The second magnetoelectric effect revealed in neutron diffraction experiments does not involve ferroelectric switching and occurs within a single-ferroelectric domain. As an electric field is applied, the populations of the three equivalent magnetic domains defined by the vectors τ₁, τ₂, and τ₃ were found to change.⁴⁶ As one of these domains is converted to another, the magnetic easy plane (the plane of the cycloid) rotates, see Figure 7c. As illustrated in the same figure, the effect is reversible. This effect makes possible stabilisation of a single cycloidal magnetic domain in the entire macroscopic sample. Polarised neutron diffraction has shown that the magnetic cycloid has a single chirality (rotation direction) in a ferroelectric monodomain crystal.⁴⁶ This result is consistent with theoretical analysis showing that the chirality of the cycloid in BFO is defined by the direction of the electric polarisation.⁴⁹ The mechanism responsible for the electric-field-induced change of the equivalent magnetic domain fractions is probably related to the mechanical strain due to the inverse piezoelectric effect. As the sample deforms, the magnetic couplings along the three vectors τ_i are no longer the same (for the experimental direction of the field along the [001]), and one of the magnetic domains becomes preferred energetically. This hypothesis was confirmed in neutron diffraction experiments under uniaxial pressure producing a similar strain.⁵⁰ As expected, magnetic domain switching occurs as the pressure is applied. Remarkably low pressures (<100 bar) and strains (<10⁻⁴) are needed for the magnetic domain switching. This observation is of high importance for interpretation of phenomena occurring under applied fields and with changing temperature, as similar strains can easily appear under those circumstances.

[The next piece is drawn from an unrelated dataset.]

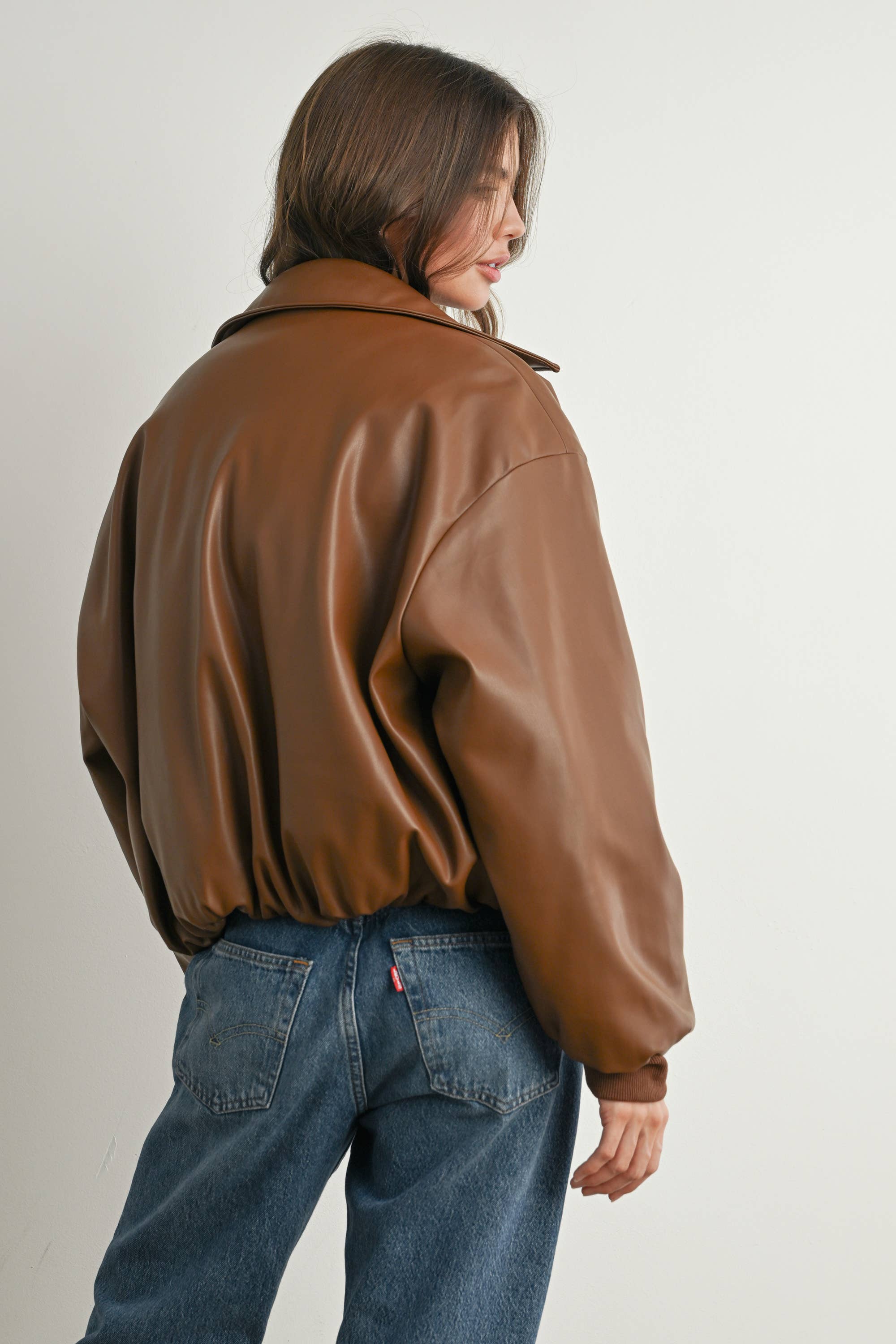 Zip-Up Bomber Jacket: Brown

Novel control of magnetic order by an applied electric field has been demonstrated in BFO single crystals. First, the magnetic order propagation vectors and the magnetic easy planes can be rotated together with the electric polarisation. Or, second, the populations of the three equivalent cycloidal magnetic domains within a ferroelectric monodomain can also be controlled by the field or uniaxial pressure. Neutron diffraction was instrumental in demonstrating these effects due to its unique ability to directly measure the populations of all the structural and magnetic domains in situ.

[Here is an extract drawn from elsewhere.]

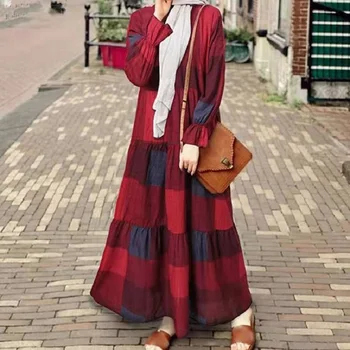 Ir 2021. Sieviešu Musulmaņu Abaya gadījuma mežģīņu aproces elastīgas aproces vintage ziedu gara kleita četri gadalaiki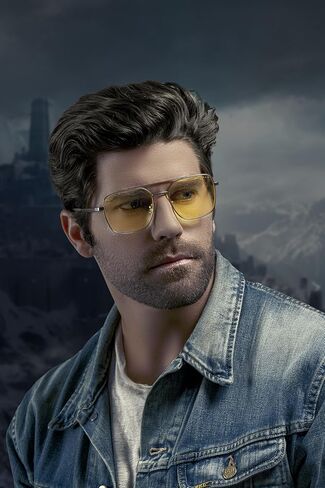 GUNNAR Gaming Glasses - Witcher White Wolf Steel Umber Amber Lens - Blue Light Blocking Relieve Dry Eye in Saudi Arabia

Recent neutron studies of BFO single crystals have revealed several important features of the magnetic order. First, SANS measurements have demonstrated⁵¹ a small tilting of the spins out of the cycloidal plane which takes the form of a SDW, see Figure 8. The importance of this observation is related to the destruction of the cycloidal modulation in strained BFO films and, possibly, in appropriately chemically altered samples.⁴⁰ In these systems, the SDW is expected to transform into a weak ferromagnetic component,⁵² which could be of prime importance for applications given the rather large magnitude (~0.1μ_B).⁵¹ Second, observation of a weak third harmonic of the magnetic Bragg peaks has shown⁵³ that the cycloid is not purely circular (the spins exhibit a slight bunching along the [111] direction), see Figure 8a. This ‘anharmonicity’ of the cycloid is important for interpretation of spectroscopic studies of BFO, since it affects the selection rules and allows assignment of previously mysterious modes.⁵⁴ It also makes some of the excitation modes hybrid (combining magnetic and structural components), leading to the possibility of exotic effects, such as anomalous coupling to external fields.⁵⁵ Temperature-dependent neutron diffraction studies have also been undertaken.⁵³ A rather conventional behaviour of the magnetic order was found, and no spin-reorientation transitions were observed. This led to re-interpretation⁵⁶ of the various bulk anomalies (in specific heat, electric susceptibility and so on) reported below room temperature for BFO.⁴⁰

Figure 8

(a) The magnetic cycloid in BiFeO₃. Only a few representative spins are shown, and the magnitude of the SDW is greatly exaggerated for clarity. The spin magnitude is ~4 μ_B, and the SDW magnitude is ~0.1 μ_B. There are ~150 spins in one period. The inset shows representative spins plotted using the same origin. A slight bunching along the [111] direction can be seen. (b) Polarised spin-flip SANS intensity observed on the two-dimensional position sensitive detector with the [111] direction normal to the image. Q=0 (incident beam direction) occurs in the center, and the magnitude of Q increases with the distance away from Q=0. Six magnetic Bragg peaks due to the SDW in the (±) three equivalent domains are seen. In this geometry, the scattering is purely magnetic, and no signal due to the main (non-SDW) cycloidal component is present. (Adapted from reference 51).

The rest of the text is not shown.